I had been dreading the day for a long time, so I can’t say I was surprised when I called myself into my office. I sat down with a sinking feeling. “Close the door,” I told myself. I got up and shut it quietly.

“You’re probably wondering why I called you in here.” Actually, I didn’t. Business had slowed to a crawl. Clients took forever to pay invoices. Cash flow had turned into cash dribble. “I’m afraid I have to let you go.”

“But I’ve been here 30 years,” I stammered.

“Yes, but you haven’t been on time since 1994. And don’t blame traffic this time – you’re working out of your spare bedroom.”

I put my head in my hands. “What am I going to tell my wife?”

“I don’t think she’ll be shocked. She catches you napping at two in the afternoon.”

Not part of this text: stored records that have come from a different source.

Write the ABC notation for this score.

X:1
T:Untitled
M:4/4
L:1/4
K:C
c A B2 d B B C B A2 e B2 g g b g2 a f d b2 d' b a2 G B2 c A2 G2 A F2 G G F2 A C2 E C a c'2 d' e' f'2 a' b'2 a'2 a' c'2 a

“I don’t understand – why now?”

“Well, I got a letter from the State of Illinois. It said that the company’s unemployment insurance was fully reinstated. So I asked the lady who sent the letter if I could fire myself and collect unemployment. She said that if I dissolved my corporation, I would be eligible for benefits.”

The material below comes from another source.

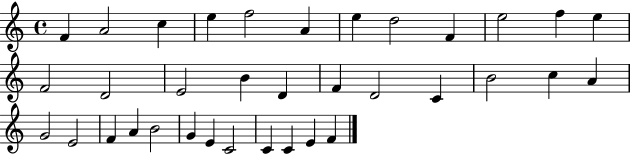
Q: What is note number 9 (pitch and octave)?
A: F4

“Oh, so that’s it. You’re finally realizing your lifelong dream of lying around, living off the government.”

“Hey, I’ve never taken a dime – well except for the census. My legs are still sore from that.”

“Not so fast. I’m pretty sure you have to pay half of my benefits.”

“Really?” I sounded flustered. “I’ll check with the unemployment office.”

I called the state office and listened to a long recording. I couldn’t reach a human and was instead referred to a website. Unable to find an answer online, I drove to the office in Maywood. There was a sign warning I would need my Social Security card. I hadn’t seen that little blue square in years. I don’t understand why the government considers it a key form of identification. When it was my turn, the clerk wouldn’t answer my question without the card.

I went back to the office and started filling a box with my belongings. My Swingline stapler, Rolodex and magnifying glass – it was heartbreaking. My wife said she would disconnect the fax line.

I took one last stab at saving my job. “Hey, you can’t work and collect unemployment. What if the unemployment people come across one of your columns?”

“I didn’t think of that. They’d find it hard to believe that someone paid me for doing it. But you’re right. It could be a red flag.”

“OK,” I said to myself. “I’ll give you one more chance. But is there any way you could start getting here by 9?”

That would cut into my bath time, but it beat paying me half my salary to stay home.